1

I have the following items table:

items:
id    pr1  pr2  pr3
-------------------
1     11   22   tt
...

and two tables associated with the items:

comments:
item_id  text
-------------
1       "cool"
1       "very good"
...

tags:
item_id  tag
-------------
1        "life"
1        "drug"
...

Now I want to get a table with columns item_id, pr1, pr2, count(comments), count(tags) with a condition WHERE pr3 = zz. What is the best way to get it? I can do this by creating additional tables, but I was wondering if there is a way achieve this by using only a single SQL statement. I'm using Postgres 9.3.

hovnatan
  • 1,331
  • 10
  • 23
  • Yes look for inner join between these three tables. – SMA Dec 22 '14 at 10:34
  • @Saharsh Shah: I removed your tags again. This is not a question about left joins etc., but about how to write an **SQL** query in **PostgreSQL**, as hovo tagged correctly. Yes, outer joining the tables is one solution but not the only one. – Thorsten Kettner Dec 22 '14 at 11:32
  • The most efficient query depends on whether you want to retrieve all or most items at once or just a small selection or a single item. You would have to clarify your question in this respect. Add your version of Postgres while being at it. – Erwin Brandstetter Dec 22 '14 at 12:55
  • There are other ways to solve this, but `[left-join]` is still an appropriate tag. – Erwin Brandstetter Dec 22 '14 at 13:32
  • @ErwinBrandstetter I just clarified my question. Thanks. – hovnatan Dec 22 '14 at 13:53
  • 1
    For the clarified question, @Thorsten's query is probably faster than the one from @mlinth (both correct). Test with `EXPLAIN ANALYZE` (a couple of times each to rule out caching artifacts). – Erwin Brandstetter Dec 22 '14 at 14:05

4 Answers4

2

You can just join, but you need to be careful that you don't get double count. E.g. you can use a subqueries to get what you want.
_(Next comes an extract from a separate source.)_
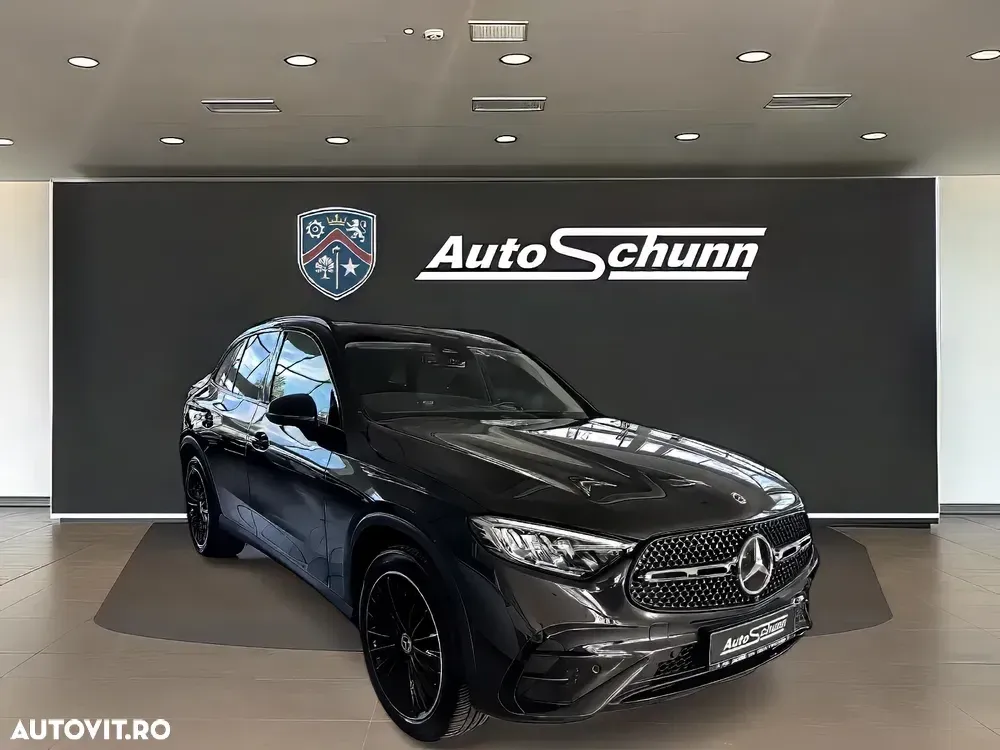 Mercedes-Benz GLC X254 300 4MATIC 9G-TRONIC AMG Line Advanced — imagine 4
SELECT i.id,i.pr1,i.pr2, commentcount,tagcount FROM
 items i
INNER JOIN
    (SELECT item_id,count(*) as commentcount from comments GROUP BY item_id) c
ON i.id = c.item_id
INNER JOIN
    (SELECT item_id,count(*) as tagcount from tags GROUP BY item_id) t
ON i.id = t.item_id

[EDIT] based on the comment, here's the left join version...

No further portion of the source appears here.